The Vimy Ridge memorials and cemeteries includes Canadian Cemetery No 2. Close to the memorial Park are two cemeteries. There is a maple leaf on the cemetery gate of Canadian Cemetery No 2 and, as well as the many known Canadian and British burials, there are also many unknown burials.
Although the cemetery was started just after the Canadians took Vimy Ridge in April 1917, the majority of the graves were moved here from elsewhere, over several years following the Armistice. They were either moved from smaller burial grounds, isolated graves, or were bodies recovered from the battlefields as time went by. This accounts for the higher-than-usual proportion of unknown graves.
Nearby is a contrasting cemetery – Givenchy Road Canadian cemetery. This small, war-time cemetery is of an interesting design, with a low circular wall surrounding the headstones, as the burials were a mass grave in a shell-hole.

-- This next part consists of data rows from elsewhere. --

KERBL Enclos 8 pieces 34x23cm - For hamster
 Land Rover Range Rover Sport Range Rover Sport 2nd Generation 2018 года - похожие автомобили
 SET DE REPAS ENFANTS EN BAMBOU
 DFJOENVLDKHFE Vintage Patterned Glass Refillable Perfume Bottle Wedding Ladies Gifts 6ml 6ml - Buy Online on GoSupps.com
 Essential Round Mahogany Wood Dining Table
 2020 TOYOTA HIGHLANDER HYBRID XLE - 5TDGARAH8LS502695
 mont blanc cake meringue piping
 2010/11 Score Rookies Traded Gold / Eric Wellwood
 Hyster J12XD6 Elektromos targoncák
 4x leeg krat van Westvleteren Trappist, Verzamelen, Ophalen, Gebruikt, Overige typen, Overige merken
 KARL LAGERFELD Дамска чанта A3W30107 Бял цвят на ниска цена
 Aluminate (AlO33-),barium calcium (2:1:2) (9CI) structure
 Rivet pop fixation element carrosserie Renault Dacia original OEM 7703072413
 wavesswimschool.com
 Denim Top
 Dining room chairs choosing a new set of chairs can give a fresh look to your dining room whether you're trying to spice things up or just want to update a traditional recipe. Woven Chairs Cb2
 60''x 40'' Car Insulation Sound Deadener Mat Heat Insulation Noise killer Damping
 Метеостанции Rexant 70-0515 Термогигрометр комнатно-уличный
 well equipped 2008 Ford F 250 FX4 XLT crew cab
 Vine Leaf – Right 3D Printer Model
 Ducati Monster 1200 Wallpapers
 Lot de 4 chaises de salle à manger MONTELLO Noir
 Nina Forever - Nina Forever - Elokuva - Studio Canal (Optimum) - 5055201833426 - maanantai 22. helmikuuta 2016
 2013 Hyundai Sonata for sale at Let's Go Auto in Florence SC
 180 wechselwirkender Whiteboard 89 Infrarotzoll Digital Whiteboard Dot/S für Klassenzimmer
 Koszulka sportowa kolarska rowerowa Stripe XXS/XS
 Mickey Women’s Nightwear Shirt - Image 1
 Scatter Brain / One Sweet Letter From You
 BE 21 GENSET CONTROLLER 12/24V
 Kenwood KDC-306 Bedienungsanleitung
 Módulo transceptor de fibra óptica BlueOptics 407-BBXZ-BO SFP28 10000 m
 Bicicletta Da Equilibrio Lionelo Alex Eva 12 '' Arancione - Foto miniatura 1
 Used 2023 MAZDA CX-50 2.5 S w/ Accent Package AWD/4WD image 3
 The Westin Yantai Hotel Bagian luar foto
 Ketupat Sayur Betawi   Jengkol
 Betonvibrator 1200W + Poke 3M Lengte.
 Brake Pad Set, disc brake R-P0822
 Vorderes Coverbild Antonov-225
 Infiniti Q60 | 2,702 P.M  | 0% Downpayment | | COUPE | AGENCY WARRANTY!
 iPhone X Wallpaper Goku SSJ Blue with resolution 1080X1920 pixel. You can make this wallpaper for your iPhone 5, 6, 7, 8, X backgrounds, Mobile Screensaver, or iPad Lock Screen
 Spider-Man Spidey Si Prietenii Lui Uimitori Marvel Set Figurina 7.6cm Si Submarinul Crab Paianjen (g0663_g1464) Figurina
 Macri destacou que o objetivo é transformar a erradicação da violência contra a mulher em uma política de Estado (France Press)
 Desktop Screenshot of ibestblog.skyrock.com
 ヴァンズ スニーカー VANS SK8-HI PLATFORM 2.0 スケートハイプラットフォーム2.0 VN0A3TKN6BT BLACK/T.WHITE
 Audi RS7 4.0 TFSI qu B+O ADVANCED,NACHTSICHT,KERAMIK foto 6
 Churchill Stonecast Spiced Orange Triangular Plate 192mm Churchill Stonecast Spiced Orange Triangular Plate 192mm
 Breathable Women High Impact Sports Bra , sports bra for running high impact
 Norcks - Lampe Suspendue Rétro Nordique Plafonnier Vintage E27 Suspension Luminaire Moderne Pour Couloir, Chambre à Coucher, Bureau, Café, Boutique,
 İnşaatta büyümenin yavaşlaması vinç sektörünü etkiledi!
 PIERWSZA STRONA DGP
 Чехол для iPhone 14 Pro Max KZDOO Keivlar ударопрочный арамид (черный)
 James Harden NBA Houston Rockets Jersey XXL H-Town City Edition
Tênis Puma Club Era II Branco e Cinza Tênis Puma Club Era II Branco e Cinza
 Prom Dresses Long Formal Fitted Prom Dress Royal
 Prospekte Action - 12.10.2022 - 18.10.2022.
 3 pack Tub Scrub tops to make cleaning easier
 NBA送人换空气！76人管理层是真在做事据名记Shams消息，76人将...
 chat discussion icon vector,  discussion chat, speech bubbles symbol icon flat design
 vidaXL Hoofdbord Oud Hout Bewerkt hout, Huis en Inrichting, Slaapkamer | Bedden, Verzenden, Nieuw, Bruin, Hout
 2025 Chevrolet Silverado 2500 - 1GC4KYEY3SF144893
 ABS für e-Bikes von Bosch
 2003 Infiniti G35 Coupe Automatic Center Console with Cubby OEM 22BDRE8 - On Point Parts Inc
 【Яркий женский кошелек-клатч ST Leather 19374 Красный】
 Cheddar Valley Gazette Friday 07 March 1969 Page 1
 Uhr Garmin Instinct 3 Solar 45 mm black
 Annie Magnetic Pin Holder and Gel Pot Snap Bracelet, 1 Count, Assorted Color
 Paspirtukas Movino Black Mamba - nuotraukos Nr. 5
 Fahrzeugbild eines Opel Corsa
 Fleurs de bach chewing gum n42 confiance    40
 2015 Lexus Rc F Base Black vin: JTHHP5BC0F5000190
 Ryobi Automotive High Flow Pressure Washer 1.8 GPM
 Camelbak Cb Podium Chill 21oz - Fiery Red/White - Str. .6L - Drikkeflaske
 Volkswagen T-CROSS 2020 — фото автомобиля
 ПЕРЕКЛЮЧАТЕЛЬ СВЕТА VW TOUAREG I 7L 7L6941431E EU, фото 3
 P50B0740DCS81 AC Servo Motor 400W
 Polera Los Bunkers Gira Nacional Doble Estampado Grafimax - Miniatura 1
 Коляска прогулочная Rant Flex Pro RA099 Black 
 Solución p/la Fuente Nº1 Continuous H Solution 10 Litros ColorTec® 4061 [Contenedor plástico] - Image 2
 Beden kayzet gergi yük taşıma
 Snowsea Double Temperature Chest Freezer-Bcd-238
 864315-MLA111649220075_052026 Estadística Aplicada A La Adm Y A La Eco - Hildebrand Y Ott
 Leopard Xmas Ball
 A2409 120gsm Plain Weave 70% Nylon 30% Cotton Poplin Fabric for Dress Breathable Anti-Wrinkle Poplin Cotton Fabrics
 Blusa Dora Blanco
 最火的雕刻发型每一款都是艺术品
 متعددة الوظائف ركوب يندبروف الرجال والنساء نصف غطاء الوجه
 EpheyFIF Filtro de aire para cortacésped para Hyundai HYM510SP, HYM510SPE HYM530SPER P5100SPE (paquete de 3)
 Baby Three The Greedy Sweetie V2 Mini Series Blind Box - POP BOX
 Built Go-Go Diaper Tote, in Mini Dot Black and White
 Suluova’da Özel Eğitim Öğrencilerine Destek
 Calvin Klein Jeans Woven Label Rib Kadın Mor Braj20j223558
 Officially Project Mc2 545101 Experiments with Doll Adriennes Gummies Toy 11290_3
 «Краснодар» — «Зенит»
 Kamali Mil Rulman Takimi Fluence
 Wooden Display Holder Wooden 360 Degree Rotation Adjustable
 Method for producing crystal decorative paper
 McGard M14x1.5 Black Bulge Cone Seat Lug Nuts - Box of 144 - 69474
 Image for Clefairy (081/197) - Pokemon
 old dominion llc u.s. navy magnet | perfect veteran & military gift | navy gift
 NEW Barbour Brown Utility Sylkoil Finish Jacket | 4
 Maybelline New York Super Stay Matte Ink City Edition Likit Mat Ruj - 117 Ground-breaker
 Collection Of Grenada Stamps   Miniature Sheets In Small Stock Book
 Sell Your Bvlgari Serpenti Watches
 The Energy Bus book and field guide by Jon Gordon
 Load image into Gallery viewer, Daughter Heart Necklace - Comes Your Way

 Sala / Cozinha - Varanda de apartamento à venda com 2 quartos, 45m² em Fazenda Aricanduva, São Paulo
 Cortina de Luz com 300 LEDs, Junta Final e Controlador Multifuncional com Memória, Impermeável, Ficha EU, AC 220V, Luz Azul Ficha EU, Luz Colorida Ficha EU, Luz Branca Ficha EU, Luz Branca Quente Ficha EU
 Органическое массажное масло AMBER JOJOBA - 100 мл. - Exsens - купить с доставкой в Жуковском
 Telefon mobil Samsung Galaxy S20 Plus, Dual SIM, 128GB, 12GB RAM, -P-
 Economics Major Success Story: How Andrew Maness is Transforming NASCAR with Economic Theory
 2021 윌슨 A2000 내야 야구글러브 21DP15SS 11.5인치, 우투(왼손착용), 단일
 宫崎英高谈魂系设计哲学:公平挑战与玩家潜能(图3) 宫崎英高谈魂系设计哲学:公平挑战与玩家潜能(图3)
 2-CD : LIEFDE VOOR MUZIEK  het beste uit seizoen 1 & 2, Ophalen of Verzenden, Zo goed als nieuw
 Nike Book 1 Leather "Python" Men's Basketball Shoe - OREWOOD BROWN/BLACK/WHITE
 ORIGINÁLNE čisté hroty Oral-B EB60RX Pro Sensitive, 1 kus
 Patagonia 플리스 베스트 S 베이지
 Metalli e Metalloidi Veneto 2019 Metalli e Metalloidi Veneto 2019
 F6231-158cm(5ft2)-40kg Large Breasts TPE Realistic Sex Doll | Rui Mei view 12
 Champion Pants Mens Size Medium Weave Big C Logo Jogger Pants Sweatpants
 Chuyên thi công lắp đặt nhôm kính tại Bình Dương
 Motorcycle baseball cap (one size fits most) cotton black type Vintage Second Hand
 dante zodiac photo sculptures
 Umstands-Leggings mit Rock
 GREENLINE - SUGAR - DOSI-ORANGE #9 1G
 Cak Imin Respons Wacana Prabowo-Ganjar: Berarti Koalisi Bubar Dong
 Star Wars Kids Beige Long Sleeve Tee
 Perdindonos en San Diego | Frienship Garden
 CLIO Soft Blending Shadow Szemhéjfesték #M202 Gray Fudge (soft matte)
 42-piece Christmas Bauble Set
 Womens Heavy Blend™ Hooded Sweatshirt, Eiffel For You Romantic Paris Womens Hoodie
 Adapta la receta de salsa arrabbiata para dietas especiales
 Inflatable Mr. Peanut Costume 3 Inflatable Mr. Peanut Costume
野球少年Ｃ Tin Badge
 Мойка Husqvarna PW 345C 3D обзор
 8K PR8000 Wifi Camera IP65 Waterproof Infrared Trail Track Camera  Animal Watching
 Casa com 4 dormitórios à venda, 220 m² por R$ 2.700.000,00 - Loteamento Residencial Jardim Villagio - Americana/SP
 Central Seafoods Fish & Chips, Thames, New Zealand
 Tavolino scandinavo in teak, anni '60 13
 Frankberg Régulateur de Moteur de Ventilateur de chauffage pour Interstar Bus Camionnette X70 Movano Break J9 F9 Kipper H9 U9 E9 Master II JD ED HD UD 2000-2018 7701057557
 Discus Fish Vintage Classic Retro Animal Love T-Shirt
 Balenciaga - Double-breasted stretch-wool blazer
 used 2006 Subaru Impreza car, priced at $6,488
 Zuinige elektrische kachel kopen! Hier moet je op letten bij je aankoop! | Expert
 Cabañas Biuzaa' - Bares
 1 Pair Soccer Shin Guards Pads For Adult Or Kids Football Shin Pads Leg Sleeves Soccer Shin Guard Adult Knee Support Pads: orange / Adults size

Vimy Ridge is located about 5 miles north of the bustling city of Arras, which is an ideal place to stay when you Visit Vimy Ridge. Arras has a population of over 43,000 and is the capitol of the Pas-de-Calais region.
It is a communication, farm and industrial centre with oil works and factories making machinery, metal products, and esparto goods. Despite extensive damage in both World Wars Arras retails much of its old Spanish-Flemish flavour. The town square, bordered by 17th century buildings, forms a notable ensemble of Flemish architecture.
Being close to the front line it was very badly damaged during the First World War but remained a key allied strong point. Being built on chalk it was easy to dig large underground caves for housing troops and stores. Soldiers from New Zealand mining companies played a key role in the tunnelling and you can now visit the underground museum, Carriere Wellington, which incorporates parts of the tunnel system. You can also see the memorial to the 41 New Zealand tunnellers who lost their lives.
Arras was completely rebuilt and boasts an excellent range of hotels to fit all budgets. The city has good road connections making touring the local area easy, and also has a good rail service, so you can access Arras by TGV from Paris quickly.
The centre of the city is designed around a very attractive square, which has lots of bars, restaurants and cafes. It makes for a relaxing wind-down after a busy day of touring the battlefields. The main square is especially striking after dark when it is all floodlit.
If you want somewhere quieter than Arras when visiting Vimy Ridge memorials and cemeteries then stay in Albert. The town was also right in the front line during the fighting and, like Arras, was very largely destroyed. Albert was completely reconstructed after the war, including widening and re-orienting the town’s main streets. The Basilica was faithfully rebuilt to the original design and, when you walk around inside, you simply can’t imagine the total destruction that took place.
Explore the adjacent Abri [shelter] museum which houses souvenirs of the war. The underground shelters in which the museum is located served as protective bunkers for local residents during bombardments.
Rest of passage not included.